Amelia è una mamma single che non ha mai dimenticato il marito morto in un incidente stradale lo stesso giorno in cui è nato suo figlio Samuel. Le è sempre più difficile tirare avanti anche perché il bambino è molto irrequieto, ha difficoltà a socializzare e pare ossessionato dall’arrivo di un mostro terribile. Ogni sera Amalia per farlo addormentare gli legge un libro ma, un giorno, spunta fuori dal nulla uno strano volume dal titolo Babadook dove si legge di un mostro spaventoso che non si placa finché non uccide. Samuel rimane molto turbato dal racconto e i suoi problemi sembrano addirittura aumentare mentre Amelia, sempre più esausta ed esasperata dal figlio, comincia a credere che qualcosa di sinistro stia accadendo davvero intorno a lei.
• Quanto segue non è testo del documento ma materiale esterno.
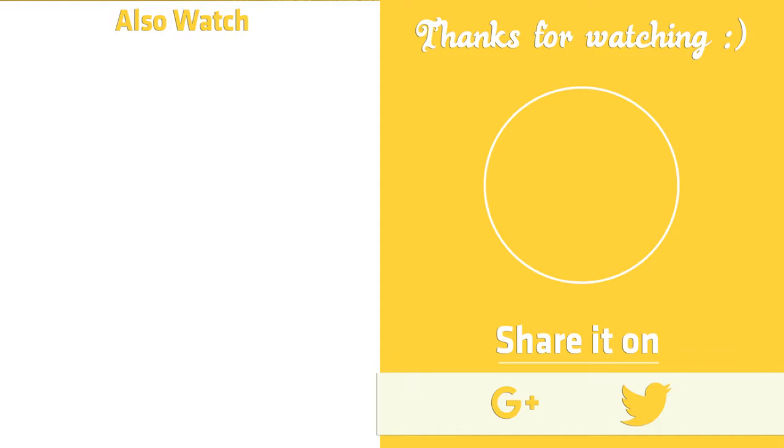And you can also click on that bell icon in order to get notification whenever a new video is available on the channel. And I will see you in the next one. Till then, take care all the Linux fellows and keep enjoying Linux. Thanks.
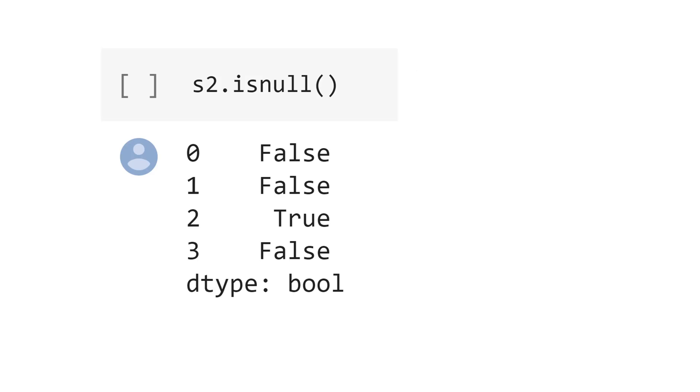Python return false, it's a value, and if it's not a value, Python return true. See that for index 2, we have true, because we created this as not a number.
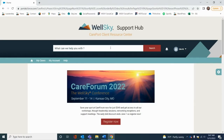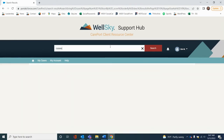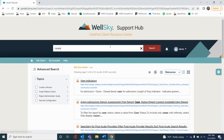Welcome to the WellSky Support Hub. Today I want to share the primary functions of this intuitive platform to demonstrate just how easy it is to navigate. Let's begin with our search engine. Simply type in a word or phrase here, and our search engine will populate the screen with content best suited to your needs.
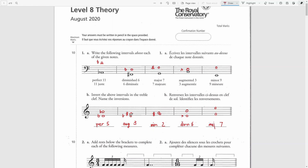For the final check we will use the formula where the original interval plus its inversion should equal 9. The interval of an eleventh is a fourth, so 4 plus 5 equals 9; 6 plus 3 equals 9; 7 plus 2 equals 9; 3 plus 6 equals 9; the ninth is a second so 2 plus 7 equals 9. And then: perfect should remain perfect — correct; diminished should become augmented — correct; major should become minor — correct; augmented should become diminished — correct; minor should become major — correct.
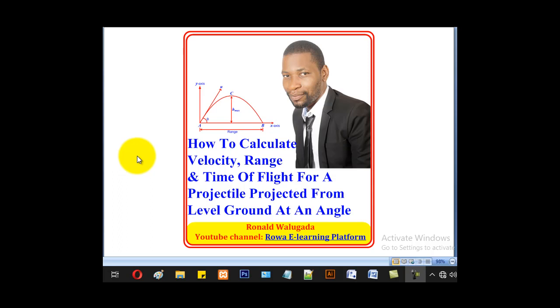Hello viewers, this is Wargada Ronald taking you through this tutorial on how to calculate velocity, range, and time of flight for a projectile projected from level ground at an angle.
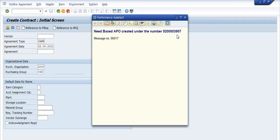You need to approve this contract or advanced purchase order through workflow. If workflow is not possible, you can release the advanced purchase order through an alternate method. In the next video session, I will explain how to approve the advanced purchase order in SAP. Thank you all for watching this video — have a nice day.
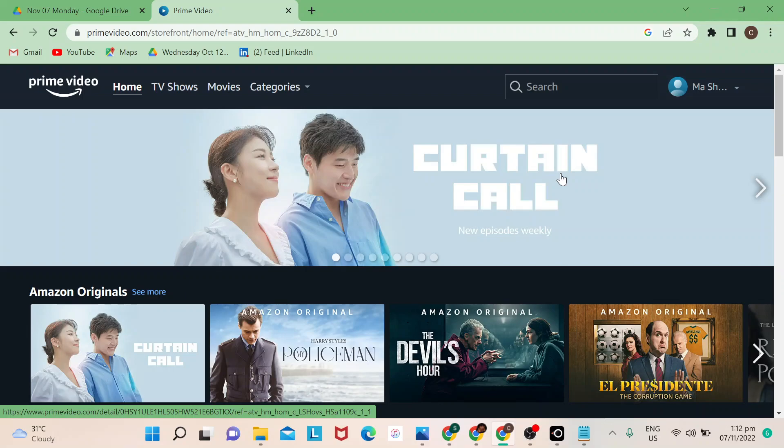Hi guys, welcome to our channel. In today's video I will show you how to delete watch history on Amazon Prime Video. Let's start. There are actually two ways that you can do this.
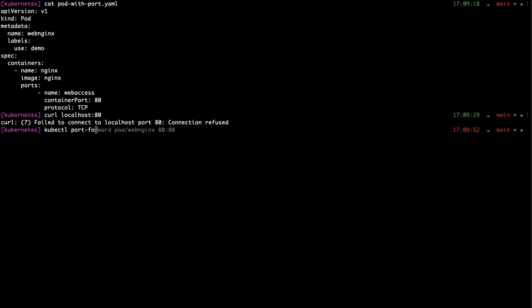Port forward and the pod name will be after you define what kind of resource it is. So let me just go through it. Port forward, and what kind of resource is it? It's a pod, slash the name of the pod.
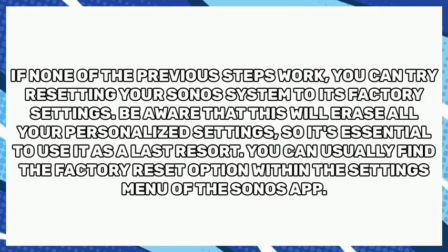If none of the previous steps work, you can try resetting your Sonos system to its factory settings. Be aware that this will erase all your personalized settings, so it's essential to use it as a last resort. You can usually find the factory reset option within the settings menu of the Sonos app.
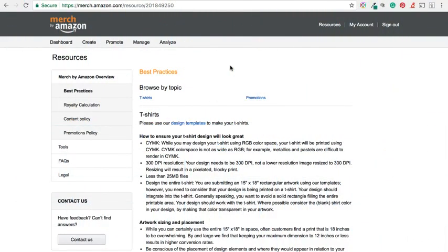Okay, so in this video I am going to walk you through exactly how you can use the Merch by Amazon t-shirt design template.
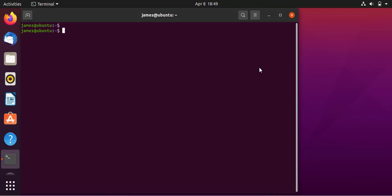Hey guys, welcome back to my YouTube channel and to yet another Linux tutorial. In this video, we are going to explore how you can configure or set up a passwordless SSH connection to a Linux server.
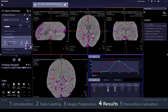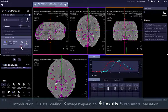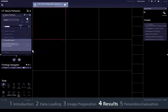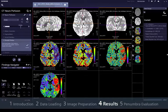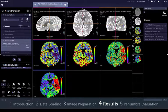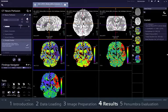If you are satisfied with all inputs in step 3, go on to step 4, results preview. In this step, you can quantitatively assess the result volumes to ensure that they are adequate for further evaluation and archiving.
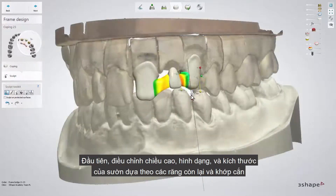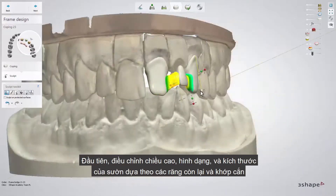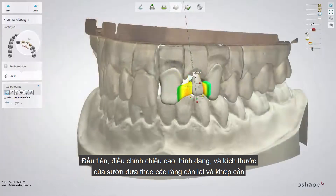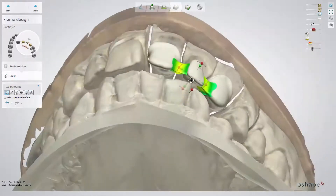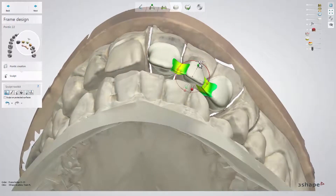First, adjust the length, shape, and size of the coppings according to remaining teeth and occlusion. Then do the same for the pontic.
Dimenticate i classici film dell’orrore con il mostro dentro all’armadio, Babadook dell’esordiente regista australiana Jennifer Kent, parla di cose ben più terrificanti.
Non è un caso infatti che l’etichetta Midnight Factory, nata per proporre in Italia il meglio della produzione horror e fantasy mondiale (tra cui l’attesissimo The Green Inferno di Eli Roth), abbia scelto proprio Babadook per esordire sul mercato. Il film infatti ha avuto molti riconoscimenti all’estero ed è stato considerato dal New York Film Critics Circle Awards la miglior opera prima del 2014, per aver saputo usare il classico tema horror del mostro, in modo davvero originale e spaventoso. Jennifer Kent descrive alla perfezione il ménage tra una madre sola sull’orlo di una crisi nervosa e suo figlio, all’apparenza troppo inquieto (e inquietante).
Il punto di vista adottato dalla regista rimane sempre ancorato alla madre che, ci viene spiegato, lasciata sola dalla famiglia e dalla società, è incapace di affrontare sia la perdita del marito sia il comportamento violento del figlio. Ed è proprio questa la differenza più marcata tra Babadook e il classico film di genere, in cui lo sguardo è quanto di più oggettivo possa esserci per (di)mostrare allo spettatore che il mostro esiste davvero. La Kent invece gioca con le convinzioni di chi questo meccanismo lo conosce bene, rimanendo sapientemente in bilico tra reale e irreale, tra quello che la mente esausta di Amelia vede e ciò che accade davvero.
La regia è solo all’apparenza minimale, attenta invece a ogni più piccolo dettaglio senza lasciarsi mai prendere la mano dalle solite scene da horror estivo, con il mostro che compare dietro l’angolo. La fotografia livida è quasi espressionista, e Essie Davis dai capelli biondissimi e senza un filo di trucco, incarna una fragilità perfetta e dolcissima.
L’epilogo poi è un vero capolavoro che dimostra come il cinema fantastico, se ben pensato, riesca a raccontare le pieghe più terrificanti della realtà meglio di qualsiasi film realista.